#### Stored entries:
<<<<
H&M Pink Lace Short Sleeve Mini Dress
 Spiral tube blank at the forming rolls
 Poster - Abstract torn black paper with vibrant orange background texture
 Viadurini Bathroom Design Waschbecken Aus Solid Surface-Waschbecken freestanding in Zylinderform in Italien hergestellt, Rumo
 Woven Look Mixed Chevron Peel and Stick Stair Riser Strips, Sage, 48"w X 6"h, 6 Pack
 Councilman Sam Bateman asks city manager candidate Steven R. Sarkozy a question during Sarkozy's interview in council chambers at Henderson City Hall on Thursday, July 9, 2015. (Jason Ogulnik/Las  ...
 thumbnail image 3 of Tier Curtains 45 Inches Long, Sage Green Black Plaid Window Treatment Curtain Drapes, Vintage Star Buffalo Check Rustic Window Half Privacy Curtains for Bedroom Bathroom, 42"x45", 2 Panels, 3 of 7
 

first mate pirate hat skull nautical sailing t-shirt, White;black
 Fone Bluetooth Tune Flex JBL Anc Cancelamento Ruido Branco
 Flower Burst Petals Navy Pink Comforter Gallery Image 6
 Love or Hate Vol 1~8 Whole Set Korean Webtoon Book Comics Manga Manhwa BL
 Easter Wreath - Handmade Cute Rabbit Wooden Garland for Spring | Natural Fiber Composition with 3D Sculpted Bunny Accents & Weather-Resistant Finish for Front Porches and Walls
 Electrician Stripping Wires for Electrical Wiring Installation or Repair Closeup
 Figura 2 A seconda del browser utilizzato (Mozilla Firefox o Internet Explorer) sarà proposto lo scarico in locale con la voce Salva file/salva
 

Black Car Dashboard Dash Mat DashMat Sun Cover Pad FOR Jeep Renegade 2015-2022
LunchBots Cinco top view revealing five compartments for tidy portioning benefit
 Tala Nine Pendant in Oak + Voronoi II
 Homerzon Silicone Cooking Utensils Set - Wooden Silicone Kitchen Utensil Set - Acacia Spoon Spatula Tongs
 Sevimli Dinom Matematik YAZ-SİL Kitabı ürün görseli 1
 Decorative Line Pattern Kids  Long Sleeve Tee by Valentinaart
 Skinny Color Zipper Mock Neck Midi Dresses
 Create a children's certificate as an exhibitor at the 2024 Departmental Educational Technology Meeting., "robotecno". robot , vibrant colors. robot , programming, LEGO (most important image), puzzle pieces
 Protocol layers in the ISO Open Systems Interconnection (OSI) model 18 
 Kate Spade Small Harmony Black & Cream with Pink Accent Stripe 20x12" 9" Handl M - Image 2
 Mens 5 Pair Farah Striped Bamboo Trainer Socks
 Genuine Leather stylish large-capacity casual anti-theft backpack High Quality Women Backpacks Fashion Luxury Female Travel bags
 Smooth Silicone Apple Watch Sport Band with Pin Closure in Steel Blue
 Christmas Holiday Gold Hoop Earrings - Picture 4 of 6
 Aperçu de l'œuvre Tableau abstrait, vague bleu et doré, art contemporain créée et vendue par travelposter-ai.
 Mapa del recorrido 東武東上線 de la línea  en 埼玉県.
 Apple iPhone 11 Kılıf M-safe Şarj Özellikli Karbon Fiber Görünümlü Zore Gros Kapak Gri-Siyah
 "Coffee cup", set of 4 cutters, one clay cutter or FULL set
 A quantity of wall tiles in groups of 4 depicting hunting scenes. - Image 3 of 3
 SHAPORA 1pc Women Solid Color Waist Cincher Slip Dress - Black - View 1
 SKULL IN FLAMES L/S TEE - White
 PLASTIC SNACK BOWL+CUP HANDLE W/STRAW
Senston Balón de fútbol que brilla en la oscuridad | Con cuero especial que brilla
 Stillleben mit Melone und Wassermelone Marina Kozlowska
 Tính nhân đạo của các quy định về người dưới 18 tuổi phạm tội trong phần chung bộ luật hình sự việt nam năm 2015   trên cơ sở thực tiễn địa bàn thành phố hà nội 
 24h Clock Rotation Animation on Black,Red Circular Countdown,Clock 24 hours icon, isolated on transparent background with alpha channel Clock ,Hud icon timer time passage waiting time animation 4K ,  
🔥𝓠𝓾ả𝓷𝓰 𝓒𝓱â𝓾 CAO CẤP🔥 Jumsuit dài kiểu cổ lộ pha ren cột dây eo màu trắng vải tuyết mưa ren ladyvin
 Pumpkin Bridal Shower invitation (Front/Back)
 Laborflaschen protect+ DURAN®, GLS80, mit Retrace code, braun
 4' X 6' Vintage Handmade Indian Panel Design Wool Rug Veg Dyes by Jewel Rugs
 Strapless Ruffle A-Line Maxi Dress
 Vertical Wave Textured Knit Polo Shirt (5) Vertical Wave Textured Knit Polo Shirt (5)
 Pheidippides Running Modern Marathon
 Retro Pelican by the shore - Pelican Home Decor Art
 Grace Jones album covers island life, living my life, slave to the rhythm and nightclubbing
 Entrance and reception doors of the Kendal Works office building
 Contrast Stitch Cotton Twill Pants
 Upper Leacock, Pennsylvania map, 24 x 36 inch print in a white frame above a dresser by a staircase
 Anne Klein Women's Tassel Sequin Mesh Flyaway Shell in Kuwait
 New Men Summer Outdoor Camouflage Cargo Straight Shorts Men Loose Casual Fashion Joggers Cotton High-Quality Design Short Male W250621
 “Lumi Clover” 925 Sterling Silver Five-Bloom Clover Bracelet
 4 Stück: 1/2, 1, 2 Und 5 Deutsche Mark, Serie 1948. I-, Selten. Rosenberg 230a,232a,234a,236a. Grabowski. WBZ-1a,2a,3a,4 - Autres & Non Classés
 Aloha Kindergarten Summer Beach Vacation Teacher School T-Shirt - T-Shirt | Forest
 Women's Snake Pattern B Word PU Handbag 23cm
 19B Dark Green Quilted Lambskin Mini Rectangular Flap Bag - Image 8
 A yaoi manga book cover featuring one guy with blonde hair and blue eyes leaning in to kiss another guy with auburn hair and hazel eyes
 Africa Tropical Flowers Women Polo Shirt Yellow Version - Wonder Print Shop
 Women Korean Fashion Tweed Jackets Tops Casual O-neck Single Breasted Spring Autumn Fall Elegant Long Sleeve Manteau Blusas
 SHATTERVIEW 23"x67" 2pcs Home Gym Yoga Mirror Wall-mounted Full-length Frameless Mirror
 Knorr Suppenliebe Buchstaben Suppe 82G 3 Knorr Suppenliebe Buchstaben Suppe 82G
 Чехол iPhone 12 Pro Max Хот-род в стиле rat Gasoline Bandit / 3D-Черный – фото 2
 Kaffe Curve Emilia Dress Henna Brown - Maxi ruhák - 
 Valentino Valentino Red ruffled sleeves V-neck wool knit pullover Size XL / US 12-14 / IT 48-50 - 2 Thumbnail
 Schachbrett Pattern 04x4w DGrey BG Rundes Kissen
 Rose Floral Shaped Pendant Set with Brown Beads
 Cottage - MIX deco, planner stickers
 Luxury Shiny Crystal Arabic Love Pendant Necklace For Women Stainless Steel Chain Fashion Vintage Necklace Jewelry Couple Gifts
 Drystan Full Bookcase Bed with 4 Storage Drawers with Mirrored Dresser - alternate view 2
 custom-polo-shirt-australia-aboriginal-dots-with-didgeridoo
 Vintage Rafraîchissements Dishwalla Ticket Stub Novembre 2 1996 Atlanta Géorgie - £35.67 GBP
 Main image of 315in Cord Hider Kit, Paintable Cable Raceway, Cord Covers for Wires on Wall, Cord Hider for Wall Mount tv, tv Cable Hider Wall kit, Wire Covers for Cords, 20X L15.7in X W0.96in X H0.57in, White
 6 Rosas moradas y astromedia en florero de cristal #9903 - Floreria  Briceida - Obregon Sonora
>>>>
#### Problem requirements:
Could you set down, exactly as written, the lines above between the one holding "PLASTIC SNACK BOWL+CUP HANDLE W/STRAW" and the one holding "24h Clock Rotation", inclusive, and nothing more?

#### Worked solution:
 PLASTIC SNACK BOWL+CUP HANDLE W/STRAW
Senston Balón de fútbol que brilla en la oscuridad | Con cuero especial que brilla
 Stillleben mit Melone und Wassermelone Marina Kozlowska
 Tính nhân đạo của các quy định về người dưới 18 tuổi phạm tội trong phần chung bộ luật hình sự việt nam năm 2015   trên cơ sở thực tiễn địa bàn thành phố hà nội 
 24h Clock Rotation Animation on Black,Red Circular Countdown,Clock 24 hours icon, isolated on transparent background with alpha channel Clock ,Hud icon timer time passage waiting time animation 4K ,  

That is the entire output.